### EXERCISE
Below this line are records; write out exactly the lines from the one containing "Next, open your" through the one containing "Bali has 193", with the pictures left out.
***** DATA SUPPLIED
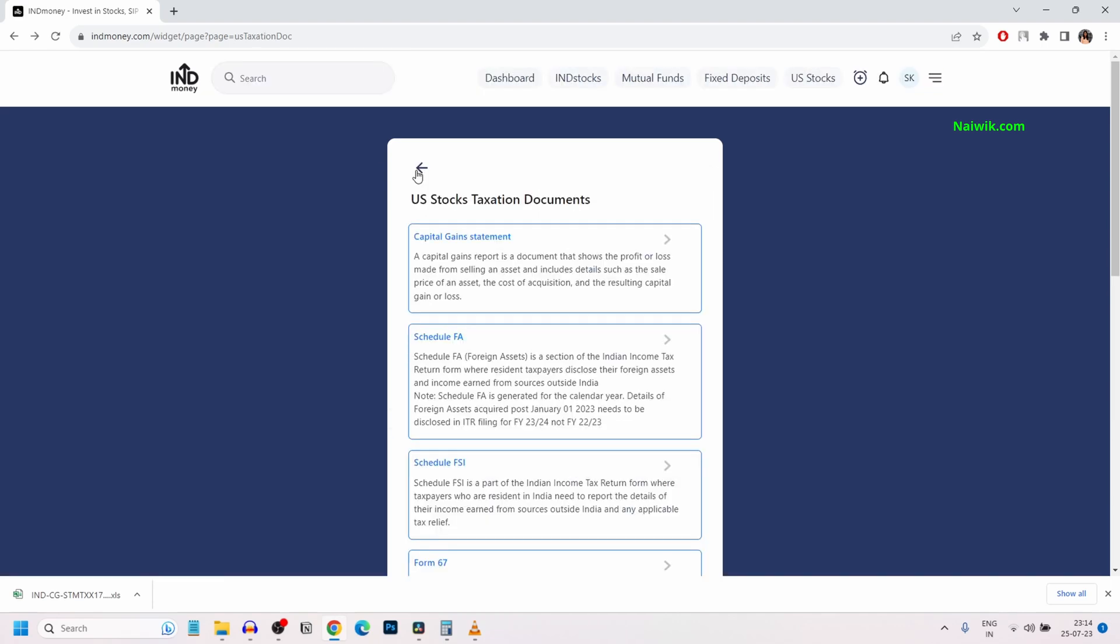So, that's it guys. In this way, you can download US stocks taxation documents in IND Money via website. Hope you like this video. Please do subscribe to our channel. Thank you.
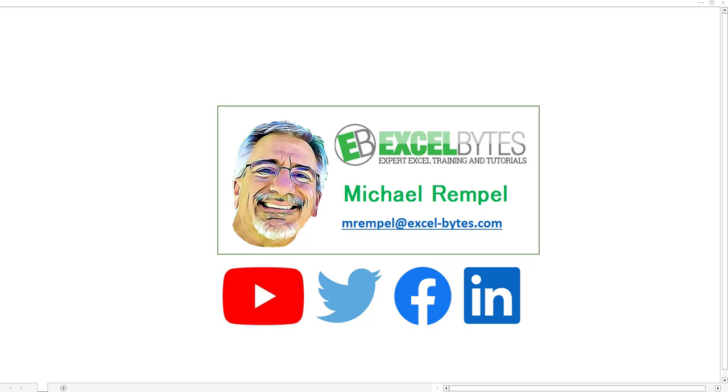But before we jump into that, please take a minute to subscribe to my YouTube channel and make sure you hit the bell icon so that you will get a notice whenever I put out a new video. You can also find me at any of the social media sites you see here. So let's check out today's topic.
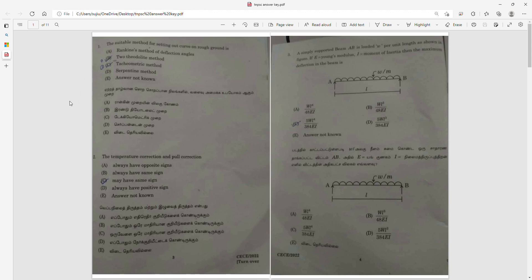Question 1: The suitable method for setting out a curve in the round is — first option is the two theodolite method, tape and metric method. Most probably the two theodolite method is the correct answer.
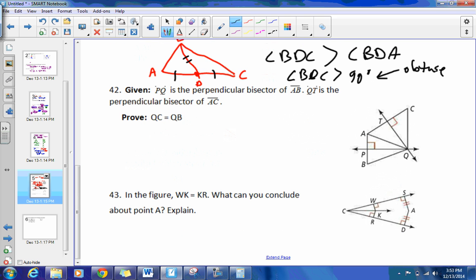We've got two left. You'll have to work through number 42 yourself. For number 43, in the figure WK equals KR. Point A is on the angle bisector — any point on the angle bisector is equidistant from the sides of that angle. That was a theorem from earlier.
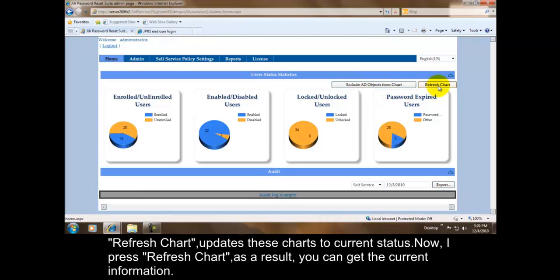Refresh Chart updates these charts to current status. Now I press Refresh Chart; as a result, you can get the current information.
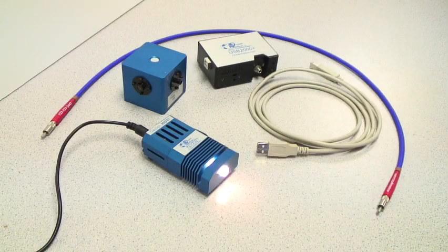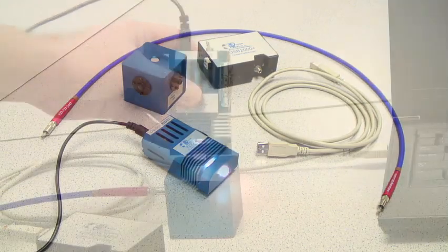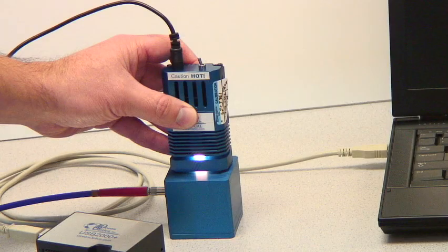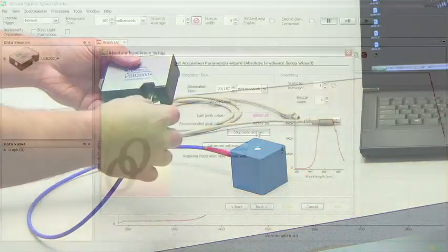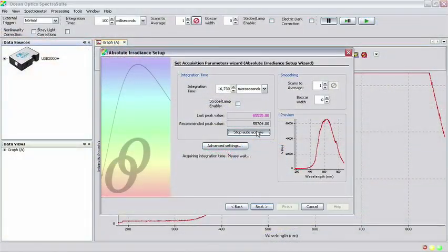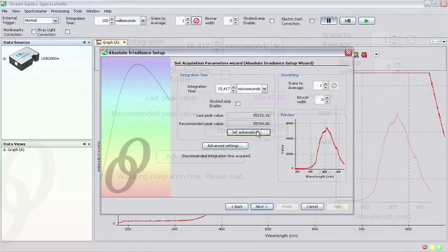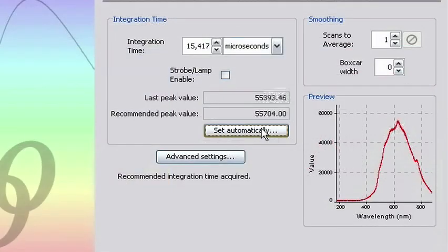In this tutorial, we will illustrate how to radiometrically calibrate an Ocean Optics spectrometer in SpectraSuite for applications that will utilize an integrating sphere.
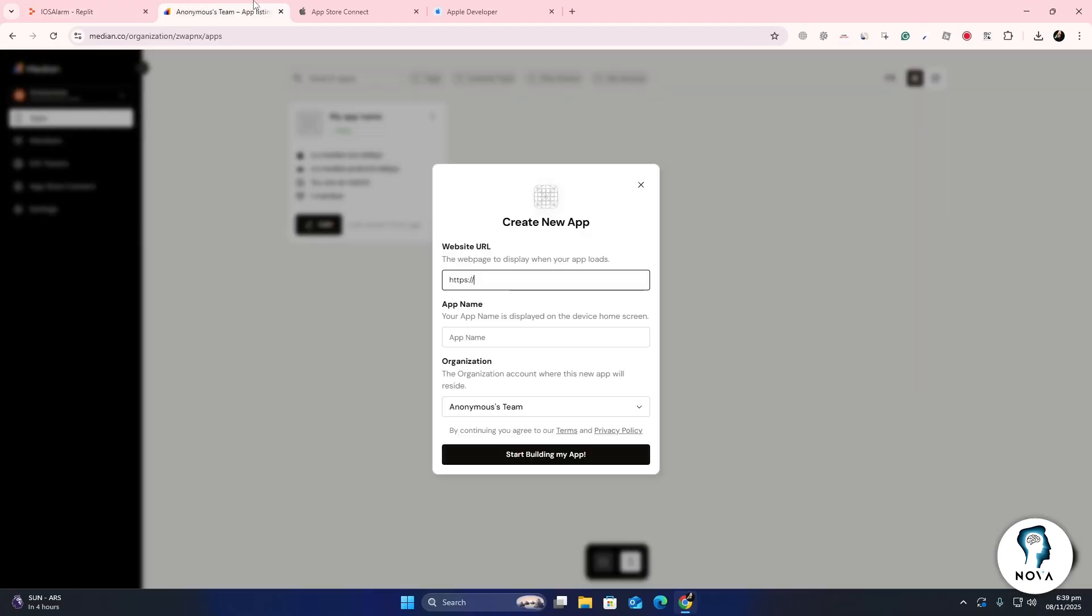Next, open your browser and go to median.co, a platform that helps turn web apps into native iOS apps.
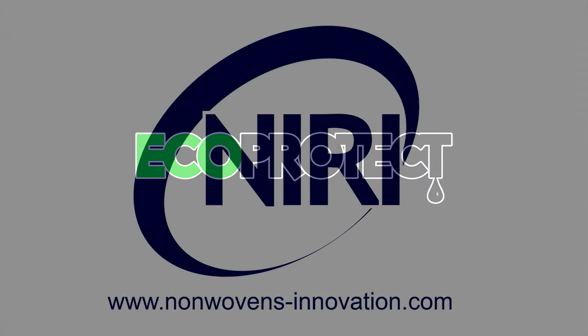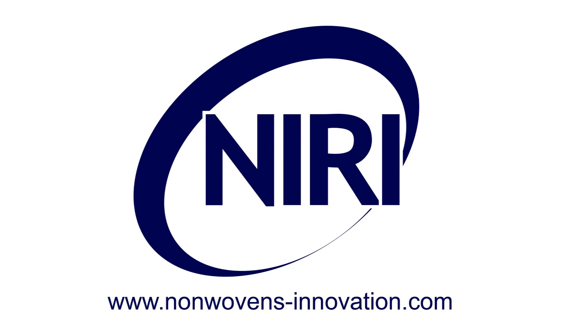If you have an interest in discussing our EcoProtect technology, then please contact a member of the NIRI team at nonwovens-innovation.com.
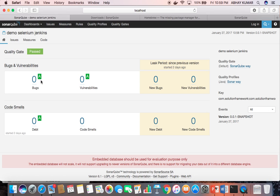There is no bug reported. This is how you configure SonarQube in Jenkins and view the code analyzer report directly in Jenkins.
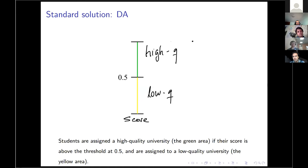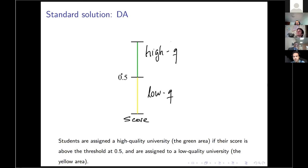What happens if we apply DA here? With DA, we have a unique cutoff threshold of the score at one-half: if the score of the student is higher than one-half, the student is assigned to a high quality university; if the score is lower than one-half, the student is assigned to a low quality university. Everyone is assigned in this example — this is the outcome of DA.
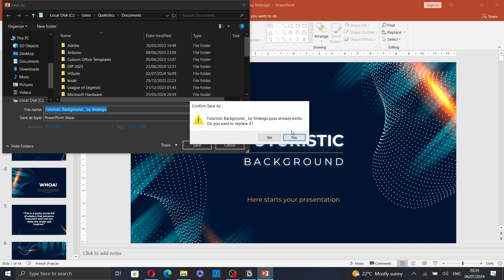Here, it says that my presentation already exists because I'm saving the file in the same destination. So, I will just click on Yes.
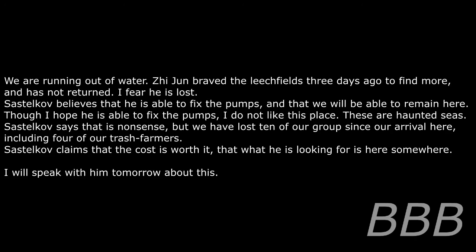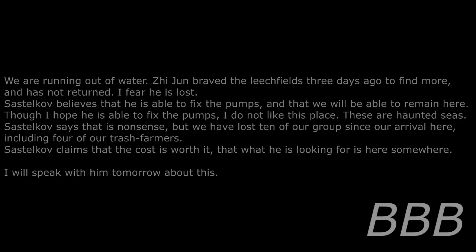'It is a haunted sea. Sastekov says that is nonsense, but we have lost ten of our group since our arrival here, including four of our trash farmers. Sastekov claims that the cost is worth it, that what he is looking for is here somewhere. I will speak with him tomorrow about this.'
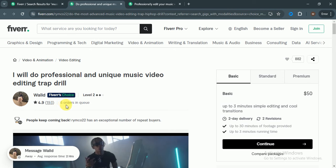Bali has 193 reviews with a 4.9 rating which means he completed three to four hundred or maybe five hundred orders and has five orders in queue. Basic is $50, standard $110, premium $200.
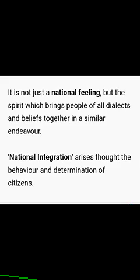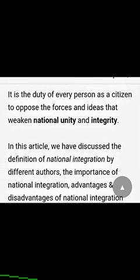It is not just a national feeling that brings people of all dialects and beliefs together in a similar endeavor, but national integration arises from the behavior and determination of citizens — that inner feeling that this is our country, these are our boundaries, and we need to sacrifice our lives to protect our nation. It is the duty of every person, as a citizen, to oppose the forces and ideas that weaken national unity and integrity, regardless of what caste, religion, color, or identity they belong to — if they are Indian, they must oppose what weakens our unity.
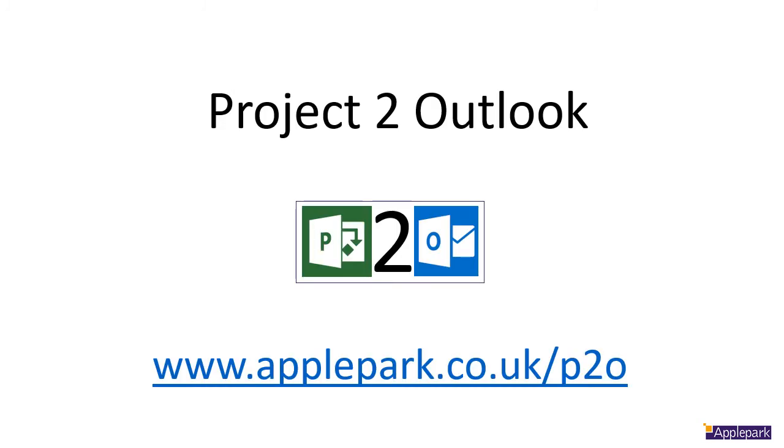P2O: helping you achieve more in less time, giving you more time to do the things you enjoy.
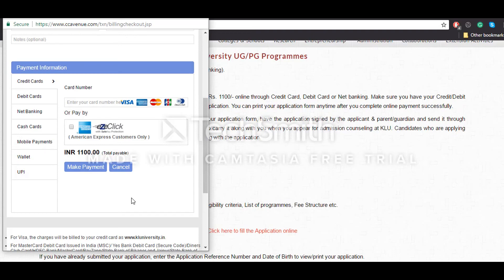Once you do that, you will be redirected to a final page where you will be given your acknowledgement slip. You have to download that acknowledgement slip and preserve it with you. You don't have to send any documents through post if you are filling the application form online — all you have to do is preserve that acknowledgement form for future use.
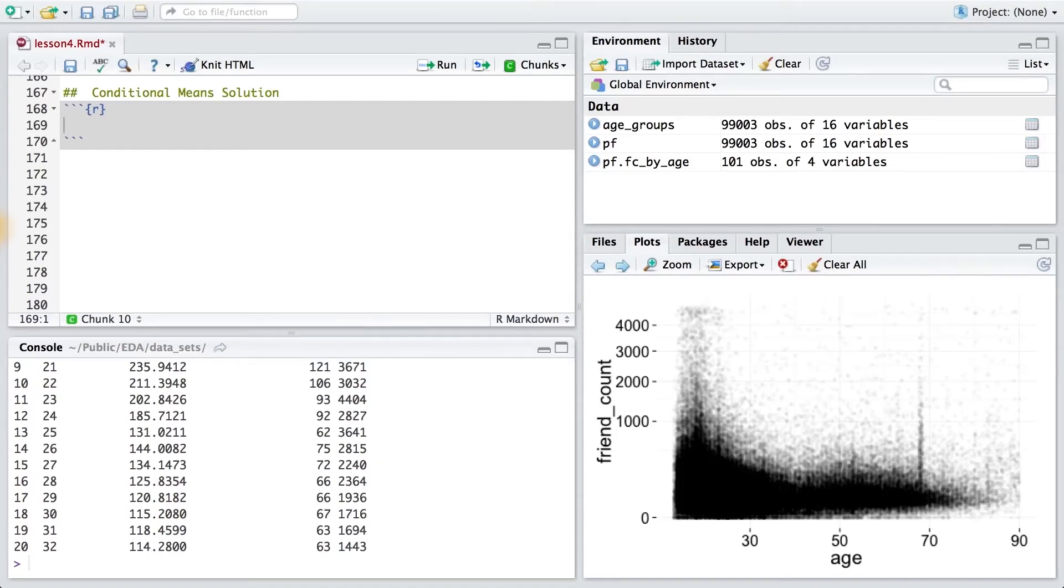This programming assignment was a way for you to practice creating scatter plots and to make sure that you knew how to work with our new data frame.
**********
### TASK RESPONSE
Next, open your browser and go to median.co, a platform that helps turn web apps into native iOS apps.
If you have an interest in discussing our EcoProtect technology, then please contact a member of the NIRI team at nonwovens-innovation.com.
There is no bug reported. This is how you configure SonarQube in Jenkins and view the code analyzer report directly in Jenkins.
What happens if we apply DA here? With DA, we have a unique cutoff threshold of the score at one-half: if the score of the student is higher than one-half, the student is assigned to a high quality university; if the score is lower than one-half, the student is assigned to a low quality university. Everyone is assigned in this example — this is the outcome of DA.
Here, it says that my presentation already exists because I'm saving the file in the same destination. So, I will just click on Yes.
'It is a haunted sea. Sastekov says that is nonsense, but we have lost ten of our group since our arrival here, including four of our trash farmers. Sastekov claims that the cost is worth it, that what he is looking for is here somewhere. I will speak with him tomorrow about this.'
Bali has 193 reviews with a 4.9 rating which means he completed three to four hundred or maybe five hundred orders and has five orders in queue. Basic is $50, standard $110, premium $200.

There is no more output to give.